» Exercise requirements
I need all the entries repeated exactly as written.

[Caption-style text data]
⟨

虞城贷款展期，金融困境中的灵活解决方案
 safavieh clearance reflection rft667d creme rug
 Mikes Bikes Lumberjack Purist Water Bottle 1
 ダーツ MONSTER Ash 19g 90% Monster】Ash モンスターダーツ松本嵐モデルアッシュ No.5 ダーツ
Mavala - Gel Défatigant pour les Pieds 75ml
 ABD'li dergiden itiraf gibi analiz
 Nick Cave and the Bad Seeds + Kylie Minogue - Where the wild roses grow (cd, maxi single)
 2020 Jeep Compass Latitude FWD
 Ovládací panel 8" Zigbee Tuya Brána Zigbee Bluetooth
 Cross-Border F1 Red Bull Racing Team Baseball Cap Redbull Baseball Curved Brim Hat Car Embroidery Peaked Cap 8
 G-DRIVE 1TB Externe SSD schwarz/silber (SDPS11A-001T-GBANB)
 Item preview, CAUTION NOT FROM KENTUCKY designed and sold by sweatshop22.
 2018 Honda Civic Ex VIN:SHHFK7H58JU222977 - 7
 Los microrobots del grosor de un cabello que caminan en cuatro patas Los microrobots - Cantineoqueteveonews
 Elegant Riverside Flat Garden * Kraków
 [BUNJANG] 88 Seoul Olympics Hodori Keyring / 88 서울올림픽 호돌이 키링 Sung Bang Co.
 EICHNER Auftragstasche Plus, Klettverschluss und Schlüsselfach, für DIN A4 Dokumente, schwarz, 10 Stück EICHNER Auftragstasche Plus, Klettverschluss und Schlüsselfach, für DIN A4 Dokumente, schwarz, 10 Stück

⟩

» Response
虞城贷款展期，金融困境中的灵活解决方案
 safavieh clearance reflection rft667d creme rug
 Mikes Bikes Lumberjack Purist Water Bottle 1
 ダーツ MONSTER Ash 19g 90% Monster】Ash モンスターダーツ松本嵐モデルアッシュ No.5 ダーツ
Mavala - Gel Défatigant pour les Pieds 75ml
 ABD'li dergiden itiraf gibi analiz
 Nick Cave and the Bad Seeds + Kylie Minogue - Where the wild roses grow (cd, maxi single)
 2020 Jeep Compass Latitude FWD
 Ovládací panel 8" Zigbee Tuya Brána Zigbee Bluetooth
 Cross-Border F1 Red Bull Racing Team Baseball Cap Redbull Baseball Curved Brim Hat Car Embroidery Peaked Cap 8
 G-DRIVE 1TB Externe SSD schwarz/silber (SDPS11A-001T-GBANB)
 Item preview, CAUTION NOT FROM KENTUCKY designed and sold by sweatshop22.
 2018 Honda Civic Ex VIN:SHHFK7H58JU222977 - 7
 Los microrobots del grosor de un cabello que caminan en cuatro patas Los microrobots - Cantineoqueteveonews
 Elegant Riverside Flat Garden * Kraków
 [BUNJANG] 88 Seoul Olympics Hodori Keyring / 88 서울올림픽 호돌이 키링 Sung Bang Co.
 EICHNER Auftragstasche Plus, Klettverschluss und Schlüsselfach, für DIN A4 Dokumente, schwarz, 10 Stück EICHNER Auftragstasche Plus, Klettverschluss und Schlüsselfach, für DIN A4 Dokumente, schwarz, 10 Stück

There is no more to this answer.